**The input**
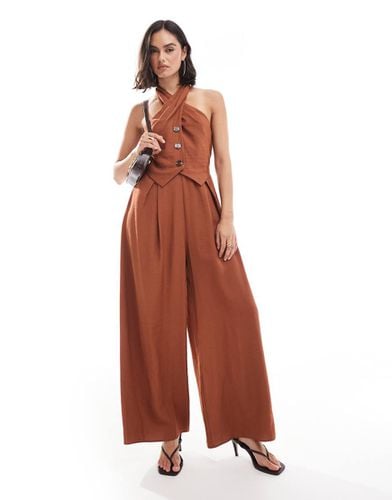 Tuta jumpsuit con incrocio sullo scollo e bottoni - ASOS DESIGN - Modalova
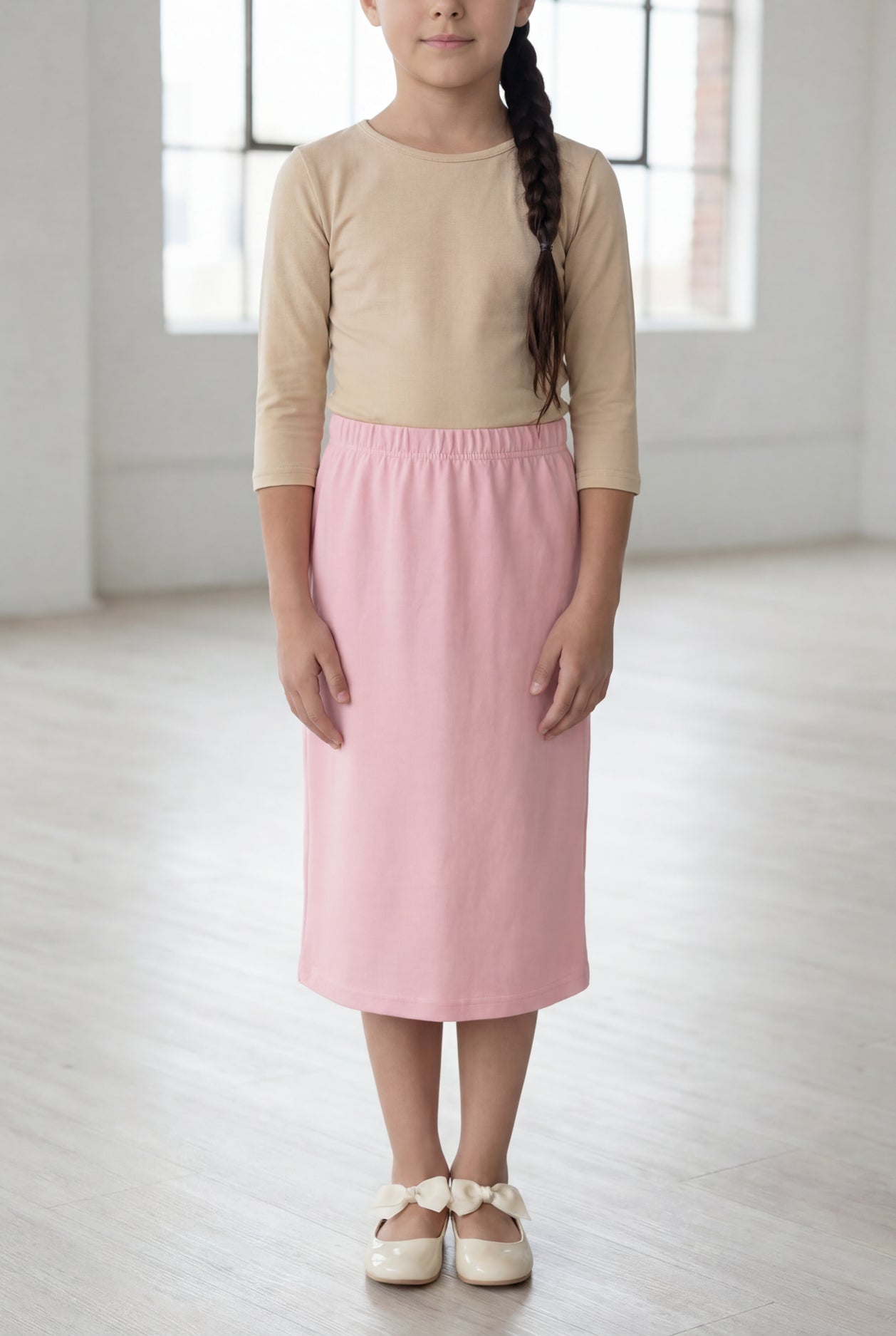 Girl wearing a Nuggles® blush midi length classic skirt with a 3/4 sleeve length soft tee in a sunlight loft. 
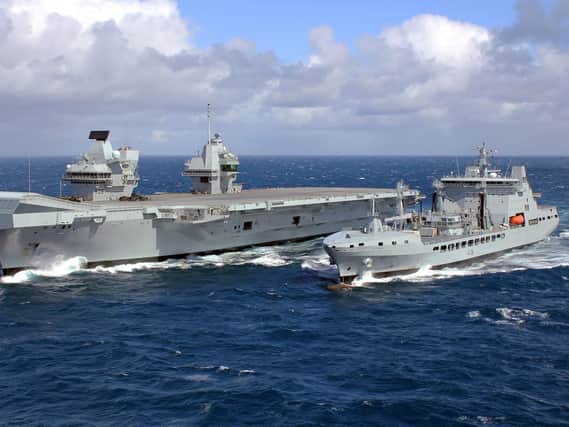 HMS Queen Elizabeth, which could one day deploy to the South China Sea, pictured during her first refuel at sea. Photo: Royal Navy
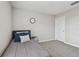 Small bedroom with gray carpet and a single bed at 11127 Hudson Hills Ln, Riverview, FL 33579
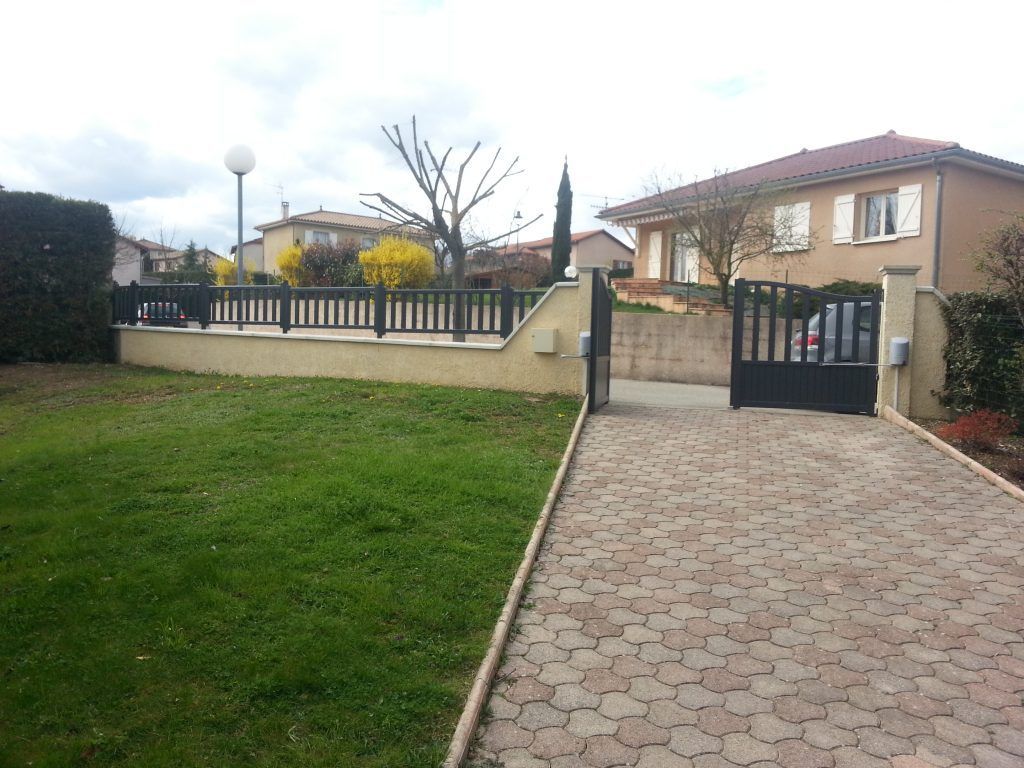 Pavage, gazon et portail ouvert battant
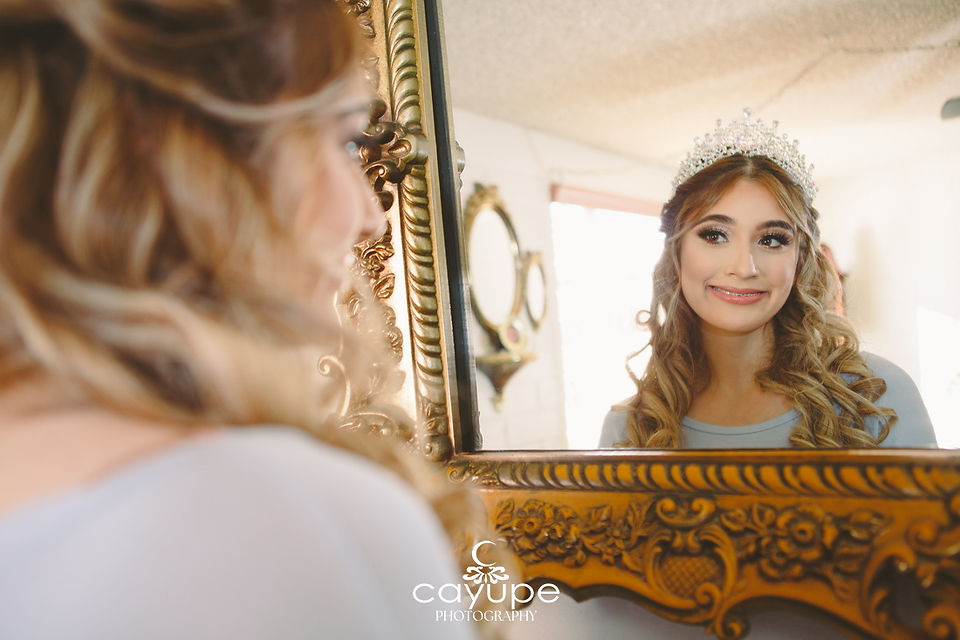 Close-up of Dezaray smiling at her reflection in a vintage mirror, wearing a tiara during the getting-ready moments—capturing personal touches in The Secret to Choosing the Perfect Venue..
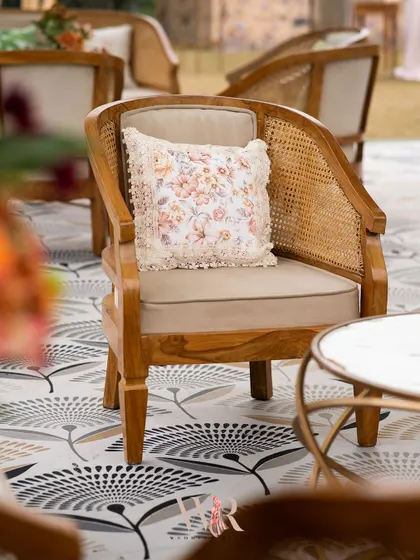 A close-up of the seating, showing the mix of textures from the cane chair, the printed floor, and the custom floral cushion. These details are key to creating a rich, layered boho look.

...

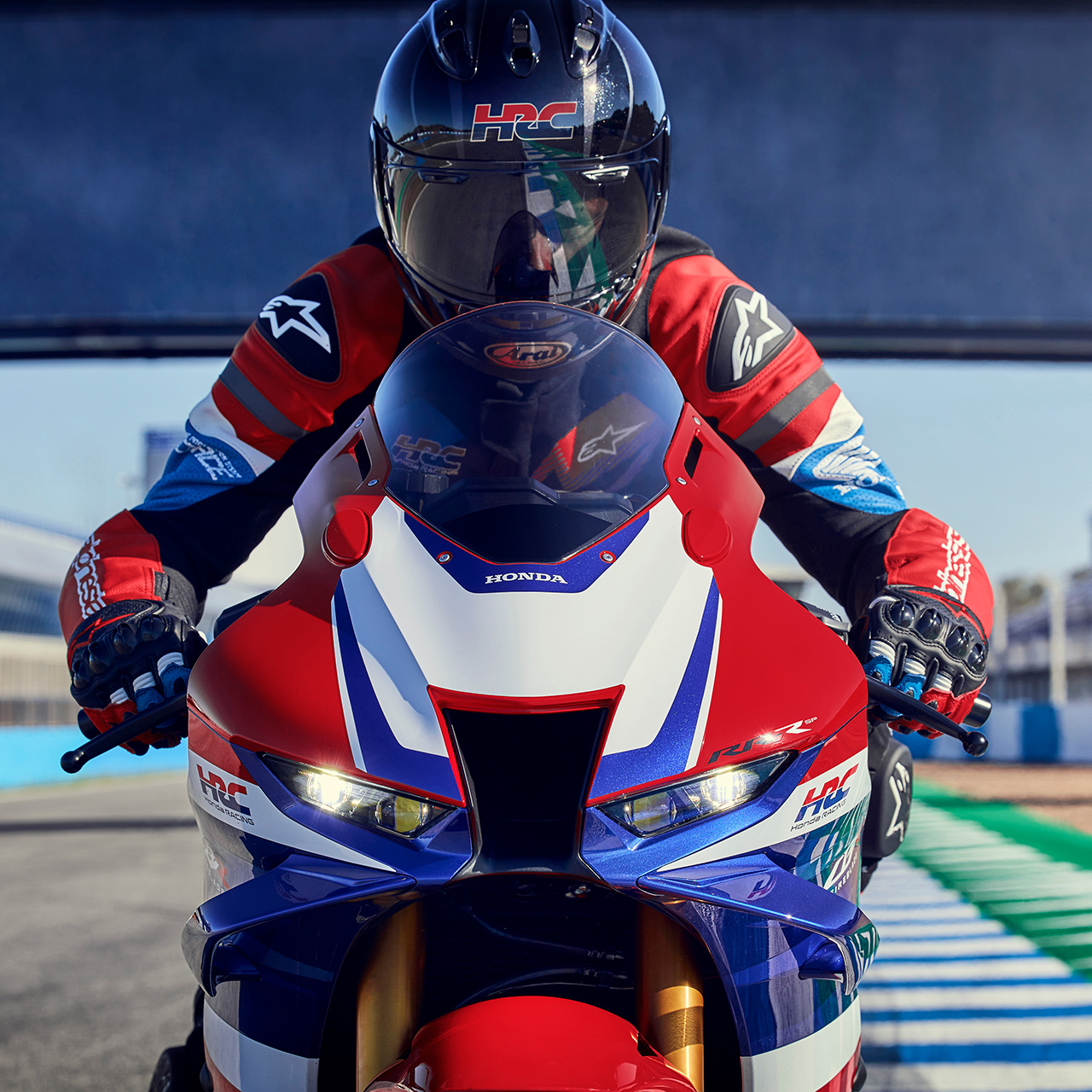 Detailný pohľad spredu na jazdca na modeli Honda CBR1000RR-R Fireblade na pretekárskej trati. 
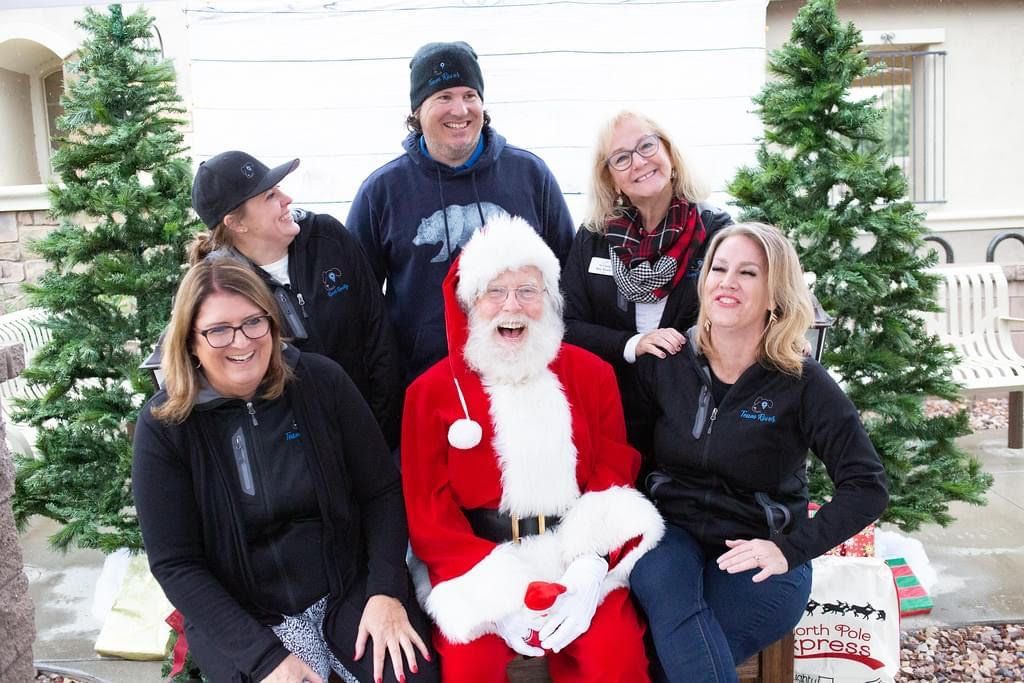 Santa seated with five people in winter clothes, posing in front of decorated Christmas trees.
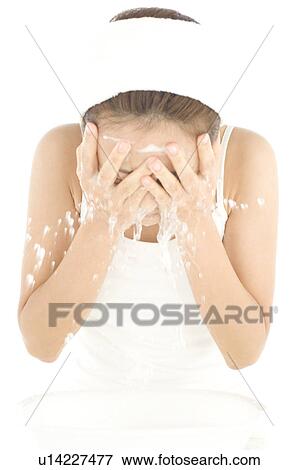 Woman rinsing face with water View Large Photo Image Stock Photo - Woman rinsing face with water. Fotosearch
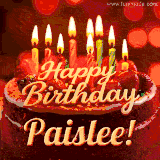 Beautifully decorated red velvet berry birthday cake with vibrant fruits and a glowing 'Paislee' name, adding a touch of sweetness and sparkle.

**Work item**
Going by the entries above, repeat exactly the lines that start at the line with "Small bedroom with" and go on through the line with "Close-up of Dezaray". Pictures are not part of the copy.

**Exercise result**
 Small bedroom with gray carpet and a single bed at 11127 Hudson Hills Ln, Riverview, FL 33579
 Pavage, gazon et portail ouvert battant
 Close-up of Dezaray smiling at her reflection in a vintage mirror, wearing a tiara during the getting-ready moments—capturing personal touches in The Secret to Choosing the Perfect Venue..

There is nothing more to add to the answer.